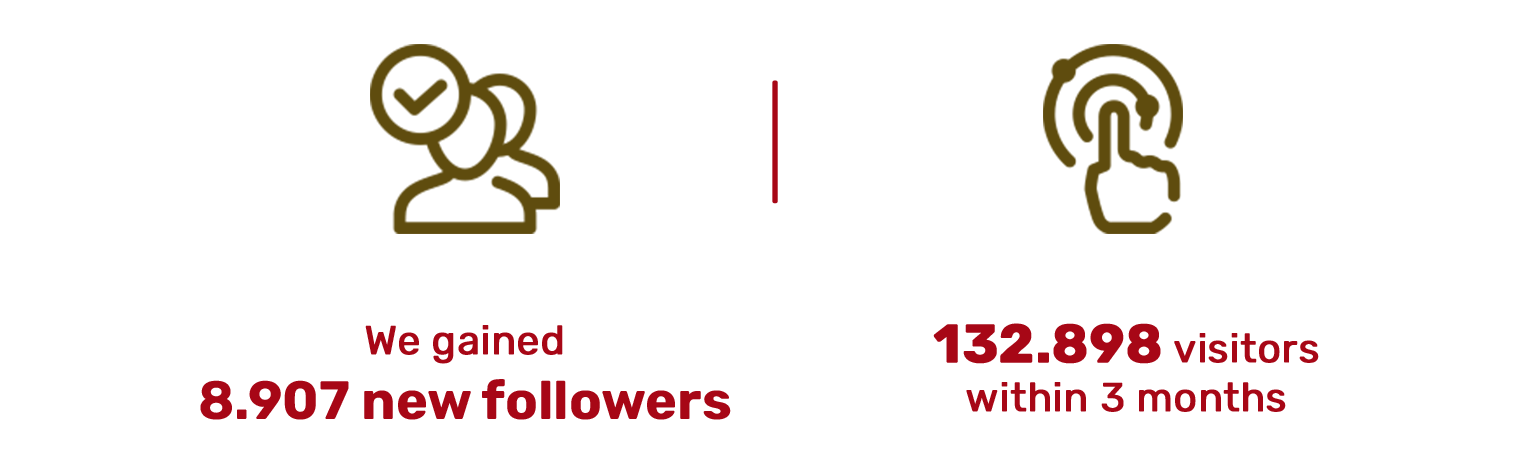 Campaig Result Abis Gajian - Notch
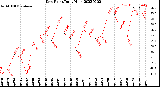 Milwaukee Weather Dew Point<br>Daily High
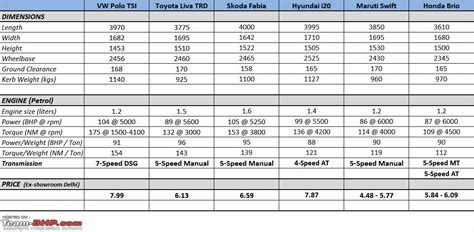 New volkswagen polo gt automatic price in india. Volkswagen Polo 1.2L GT TSI : Official Review - Team-BHP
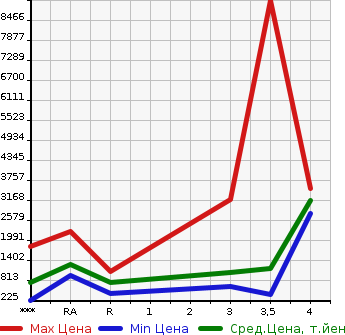 Аукционная статистика: График изменения цены NISSAN Ниссан  UD УД  2014 в зависимости от аукционных оценок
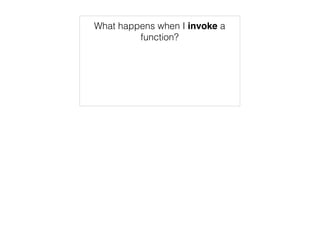 Named Formal Parameters
this: window
add(2, 3); arguments: {
0: 2, 1: 3
}
x: 2
y: 3
 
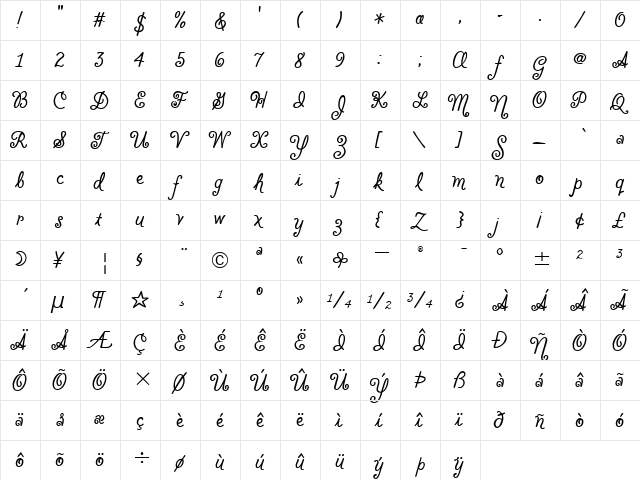 CloverITC TT Regular font glyphpreview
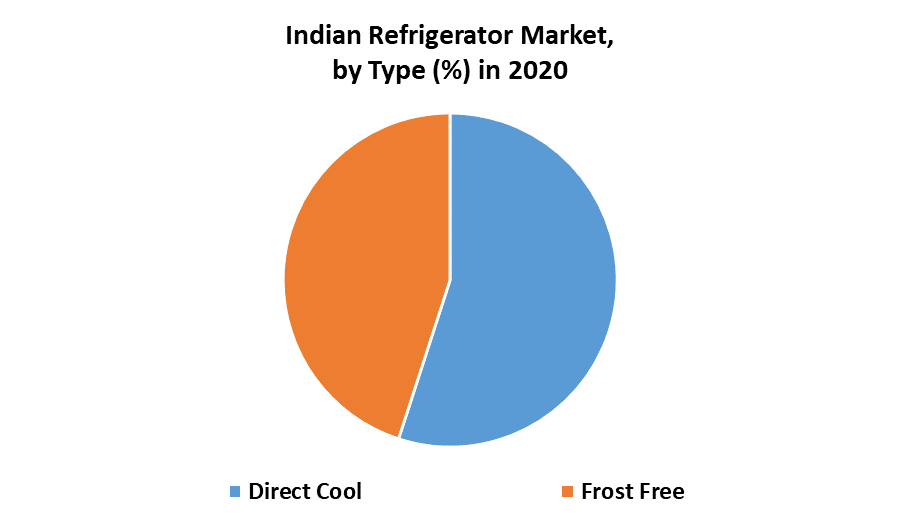 India Refrigerator Market by Type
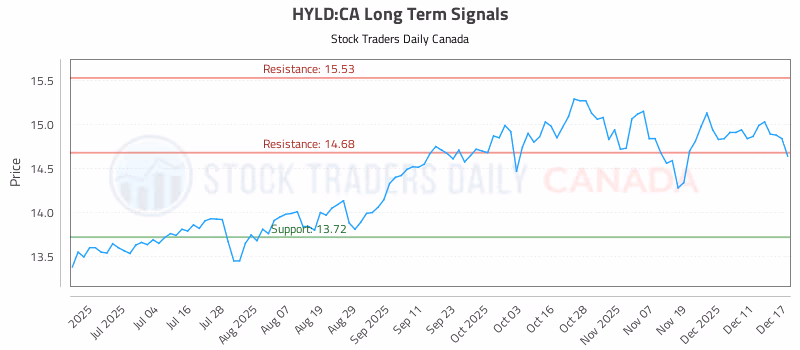 Stock Chart for HYLD:CA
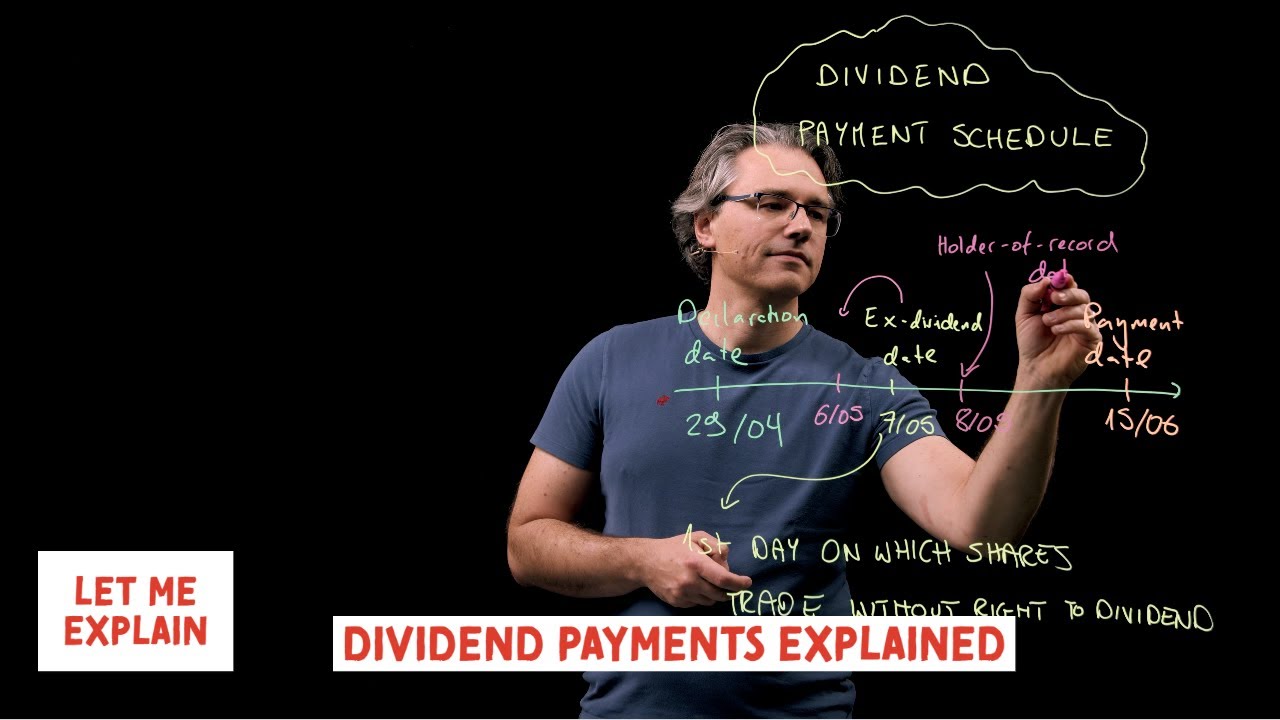 Dividend payments explained (for the @CFA Level 1 exam) - YouTube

+ + + +

What needs to be done: Write out the listing word for word, omitting the pictures it holds.

Solved exercise:
 Campaig Result Abis Gajian - Notch
 Milwaukee Weather Dew Point<br>Daily High
 New volkswagen polo gt automatic price in india. Volkswagen Polo 1.2L GT TSI : Official Review - Team-BHP
 Аукционная статистика: График изменения цены NISSAN Ниссан  UD УД  2014 в зависимости от аукционных оценок
 Named Formal Parameters
this: window
add(2, 3); arguments: {
0: 2, 1: 3
}
x: 2
y: 3
 
 CloverITC TT Regular font glyphpreview
 India Refrigerator Market by Type
 Stock Chart for HYLD:CA
 Dividend payments explained (for the @CFA Level 1 exam) - YouTube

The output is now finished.